The blurred line between villains and victims
The Global Organized Crime Index 2023 paints a bleak picture: criminality is increasing but resilience to it is not. Building resilience to organized crime needs more than a robust criminal justice infrastructure. It requires a host of incremental changes to reshape the landscapes that provide fertile ground for organized crime. Until that happens, parts of the world will continue to make way for criminal enterprise. In such places, where organized crime operates not in the shadows but in plain sight on an industrial scale, the demand for a criminal labour force is insatiable. Those who supply this demand exist in a grey zone that makes it hard to discern who is a victim, who is a perpetrator, and who may in fact be both.
A spectrum of victims and perpetrators
The Index provides insight into the categories of criminals involved in organized crime – foreign and domestic groups, networks, the private sector and state-embedded actors. The convergence of criminal markets and the complexity of criminal profiles are starkly evident in financial crimes. Scams linked to investment opportunities, employment, e-commerce and romance are now widespread global phenomena in places ranging from Mexico and Peru to Georgia, Israel, Cambodia and Ukraine.

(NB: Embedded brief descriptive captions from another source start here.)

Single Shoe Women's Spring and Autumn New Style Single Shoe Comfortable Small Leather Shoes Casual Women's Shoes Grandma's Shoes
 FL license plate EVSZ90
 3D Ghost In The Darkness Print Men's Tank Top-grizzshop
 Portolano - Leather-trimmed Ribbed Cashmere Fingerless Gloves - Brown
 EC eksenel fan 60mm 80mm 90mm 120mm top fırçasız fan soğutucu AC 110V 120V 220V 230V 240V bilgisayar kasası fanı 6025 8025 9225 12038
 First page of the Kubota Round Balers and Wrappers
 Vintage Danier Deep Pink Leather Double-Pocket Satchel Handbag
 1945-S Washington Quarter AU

Take Myanmar, the country with the highest criminality score in the world (8.15 out of 10), according to the Index rankings. This is partly due to the 2021 coup, which entrenched crime and shattered the country’s already fragile resilience architecture. In Myanmar and elsewhere in the Mekong region, the labour force recruited to commit financial crimes in casinos and purpose-built scamming centres is made up of hundreds of thousands of people from the region and beyond. Many have been described as victims of trafficking in persons for the purpose of forced criminality. The principle that people should not be punished for the crimes they have been trafficked to commit is well grounded, but insufficiently upheld in some countries.